So that kind of leads Josh into Rachel’s question around what criteria could we use to know what someone’s favorite area of the organization is? It could be giving, but she wants to know if you can customize it by organization. What’s favorite at one organization could be different from a favorite at another organization.

Josh Kligman

You can take a look at any question you could think of in terms of the metrics and really dissect it. Let me give a really concrete example here, and I’ll show you some metrics that I think might really help. I’m going to refresh my page here and load insights for an actual report that’s out there, and it might help give a little more context to everything that we’re talking about.

Lynne Wester

That’s fantastic. Nothing like seeing it in real life, not just pseudo. We show a lot of screenshot examples, so it’s nice to be able to dive right into the platform. We did have one question about integrations. Are there any Tessitura integrations or what if it’s not one of the softwares that you listed that you already integrate with?

Josh Kligman

As long as they have an open API, then we take about five business days and we’ll connect to it. We don’t nickel and dime, we don’t charge extra for that. We just want you to be able to access your data and make great reports. We’ll assign a team to do white glove data mapping with you to get all that done from the connection to making sure that the first name is going to show up correctly. The worst thing is finding new technology and then realizing you have to go do it all yourself – we’ll do it for you, right? What’s cool about that is once you do it and once you have your template and data tags already in there, then you need to create another report for a totally different use case the next month or send a thank you and you’re not starting from scratch.

Here’s metrics on an actual report: I could see that there were 14,000 opens here. Here’s some views by region. If I were to click something like what sections were viewed the most, I haven’t clicked this before, so we’ll see if this even works. By the way, this is Sammy the Sloth, and this is Storyraise’s mascot. Sammy was with his slow friends in the jungle, but Mom wanted to speed up and be at a tech company. So Sammy came over with us and is teaching us to slow down and engage donors in case you’re wondering why there’s a sloth face here with the AI. 

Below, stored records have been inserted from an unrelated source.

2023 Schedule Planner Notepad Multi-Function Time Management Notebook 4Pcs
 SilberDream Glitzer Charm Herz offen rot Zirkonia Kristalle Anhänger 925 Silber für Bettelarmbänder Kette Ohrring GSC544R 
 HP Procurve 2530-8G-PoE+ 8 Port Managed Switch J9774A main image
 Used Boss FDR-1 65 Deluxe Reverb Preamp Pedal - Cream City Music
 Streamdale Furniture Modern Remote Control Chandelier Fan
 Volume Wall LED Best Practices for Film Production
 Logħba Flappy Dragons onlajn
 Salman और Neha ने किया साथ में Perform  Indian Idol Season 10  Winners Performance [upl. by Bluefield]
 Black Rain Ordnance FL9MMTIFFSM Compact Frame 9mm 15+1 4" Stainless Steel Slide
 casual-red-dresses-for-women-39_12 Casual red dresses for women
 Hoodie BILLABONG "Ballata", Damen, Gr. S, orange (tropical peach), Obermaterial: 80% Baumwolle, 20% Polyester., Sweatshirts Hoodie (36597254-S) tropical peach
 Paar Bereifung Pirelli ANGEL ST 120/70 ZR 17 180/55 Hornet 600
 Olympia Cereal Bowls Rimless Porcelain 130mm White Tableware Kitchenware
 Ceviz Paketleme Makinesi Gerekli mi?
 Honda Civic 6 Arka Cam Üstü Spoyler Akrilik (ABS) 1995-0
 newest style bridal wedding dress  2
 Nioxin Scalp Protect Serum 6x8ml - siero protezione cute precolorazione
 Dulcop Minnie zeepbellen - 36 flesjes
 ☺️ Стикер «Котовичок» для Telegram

Maybe because I’m sharing my screen, but if I were to say how much time was spent on this section versus X section, it’ll pop up and I’m happy to dive deeper with anyone in this offline, but I might be killing my computer right now also using AI while sharing my Zoom. Are there other questions, Lynne? 

Lynne Wester

Yes. We have one who said they may or may not have some old school folks who appreciate printed annual reports. Can you use this technology to eventually turn it into a PDF? They just wanted to know, not that anyone at any organization would have any old school folks, but just in case.

Josh Kligman

Just in case, you actually are creating a PDF at the same time that you’re creating digital. We’re the only platform that’s going to do that when you’re in the report builder, and that’s what I’m looking at right now. If you take a look at this impact report, this is the preview for desktop and this is the preview as I’m building it in real time for tablet. By the way, all my sections in the table of contents are on the left and all my design blocks are on the right and I can drag and drop them in and then you’re clicking and editing from there. 

You’re seeing a tablet view right now. Here’s the mobile view PDF’s. Next, I’m going to answer your question. Here’s the mobile view so you can see what it looks like on a cell phone, and everything’s mobile responsive because the worst thing is opening a PDF with lots of assets on it on your cell phone and having to pinch and zoom in and you can’t really see everything clearly.

Here’s the PDF version – PDF and digital I should say. Web-based applications are not apples to apples, so if your text is really long on one page on a website, you just keep scrolling forever. But, there’ll be a cutoff point at some point on a PDF, so we give guidelines as to where those cutoff points are. Now, I’m going to open up this PDF preview and I’m going to show you exactly what this looks like when you print it out. The images are digital or compressed, so it loads fast. When your donors open up a PDF, which they can on their own or when you open up a PDF, it’s high resolution and it’s full bleed and you can see exactly how it comes out. I didn’t do anything except make a digital report, and now I have this really great landscape or portrait report. This is more like 8.5 by 11. You could go print out and you’re on your way – that way you don’t have to go create a totally different report. 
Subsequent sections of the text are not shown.